What the exercise asks:
Retype the records below exactly as given, but only from the first line through the line with "An effect in", and without the pictures.

Input data:
====

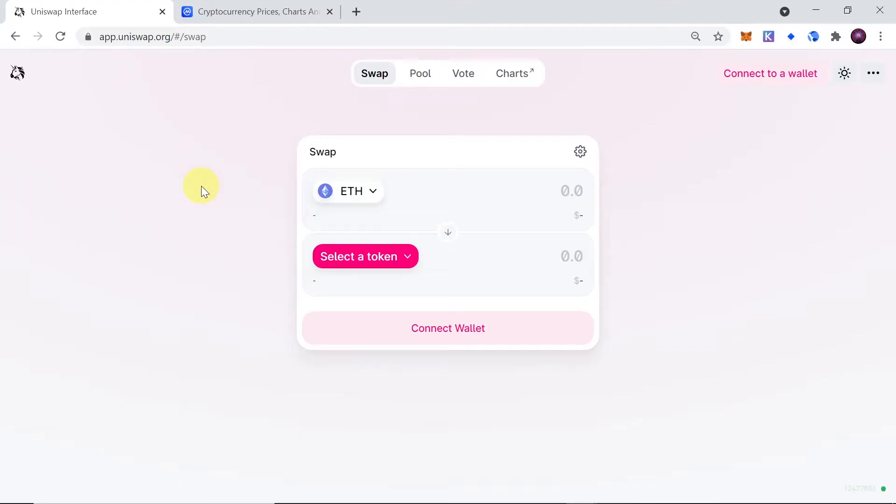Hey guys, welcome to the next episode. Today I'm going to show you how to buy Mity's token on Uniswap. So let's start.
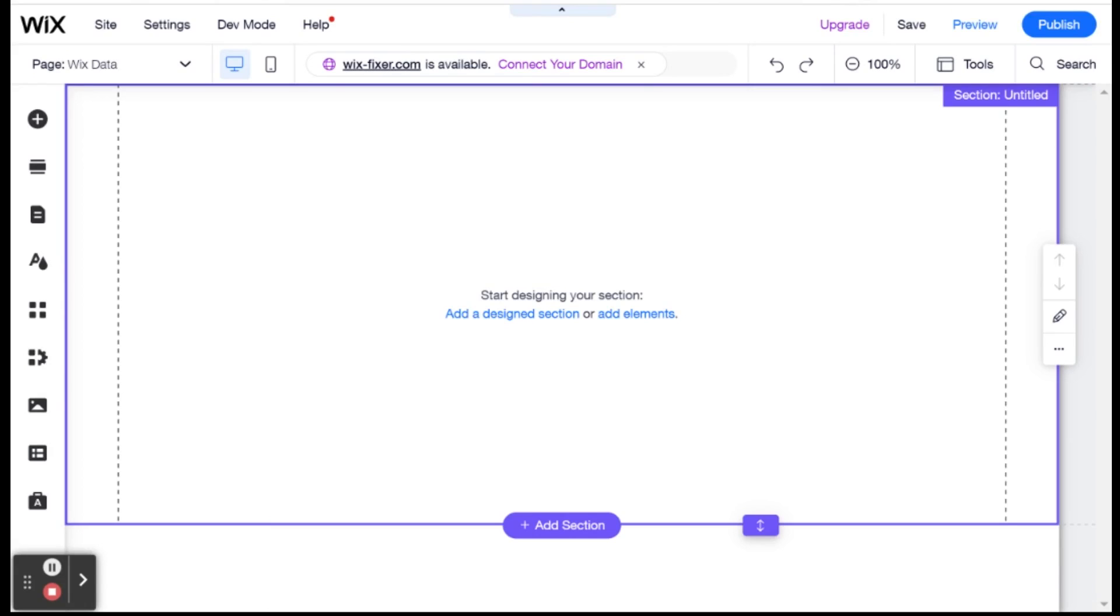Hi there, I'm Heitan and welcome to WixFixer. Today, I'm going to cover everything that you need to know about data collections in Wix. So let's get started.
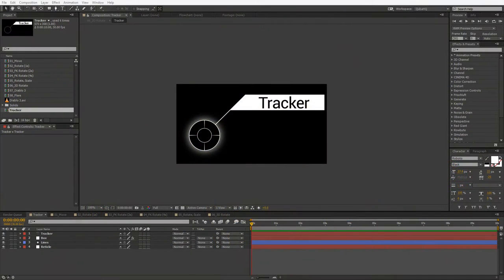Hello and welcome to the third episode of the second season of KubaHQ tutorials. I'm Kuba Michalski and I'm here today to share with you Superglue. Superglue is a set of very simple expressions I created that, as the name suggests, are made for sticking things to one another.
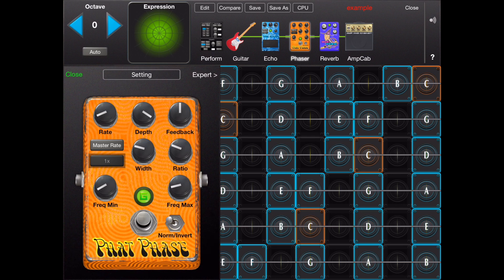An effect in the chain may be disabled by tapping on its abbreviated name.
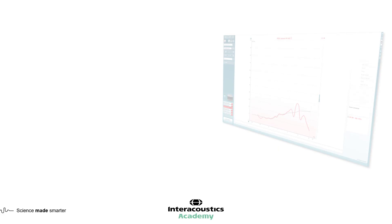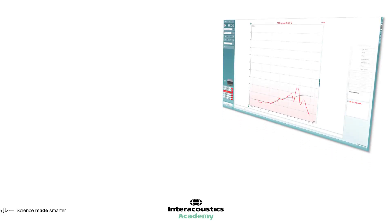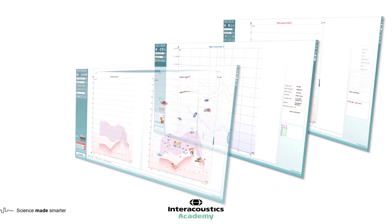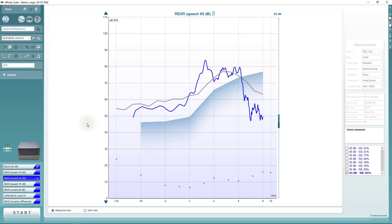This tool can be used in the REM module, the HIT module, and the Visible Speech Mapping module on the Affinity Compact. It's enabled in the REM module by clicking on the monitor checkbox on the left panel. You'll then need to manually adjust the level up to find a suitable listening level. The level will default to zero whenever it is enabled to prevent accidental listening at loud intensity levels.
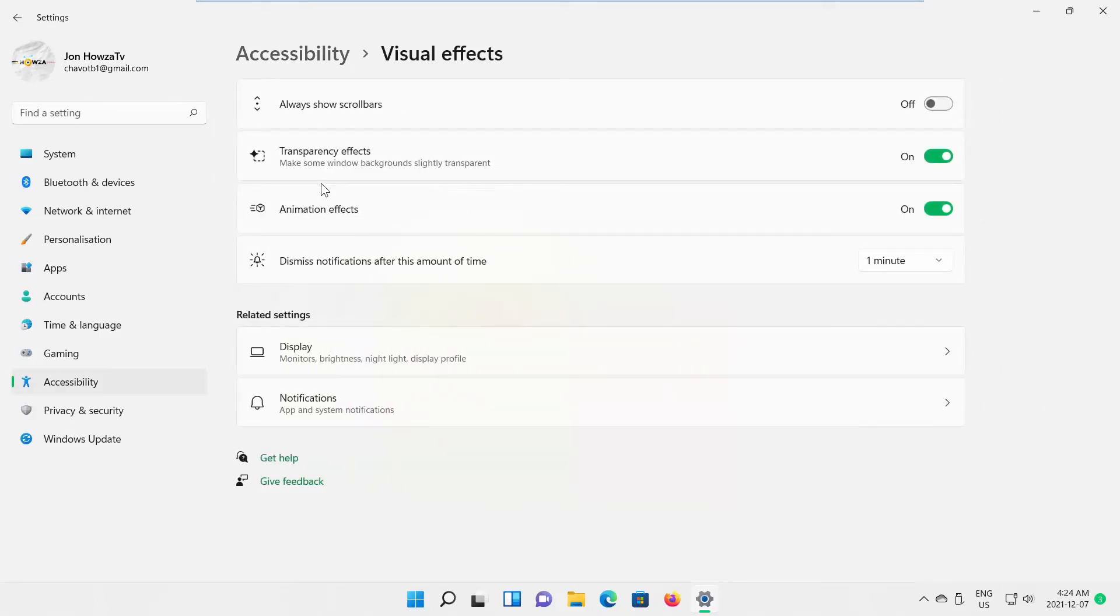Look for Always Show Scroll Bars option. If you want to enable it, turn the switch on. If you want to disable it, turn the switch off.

====

Response:
Hey guys, welcome to the next episode. Today I'm going to show you how to buy Mity's token on Uniswap. So let's start.
Hi there, I'm Heitan and welcome to WixFixer. Today, I'm going to cover everything that you need to know about data collections in Wix. So let's get started.
Hello and welcome to the third episode of the second season of KubaHQ tutorials. I'm Kuba Michalski and I'm here today to share with you Superglue. Superglue is a set of very simple expressions I created that, as the name suggests, are made for sticking things to one another.
An effect in the chain may be disabled by tapping on its abbreviated name.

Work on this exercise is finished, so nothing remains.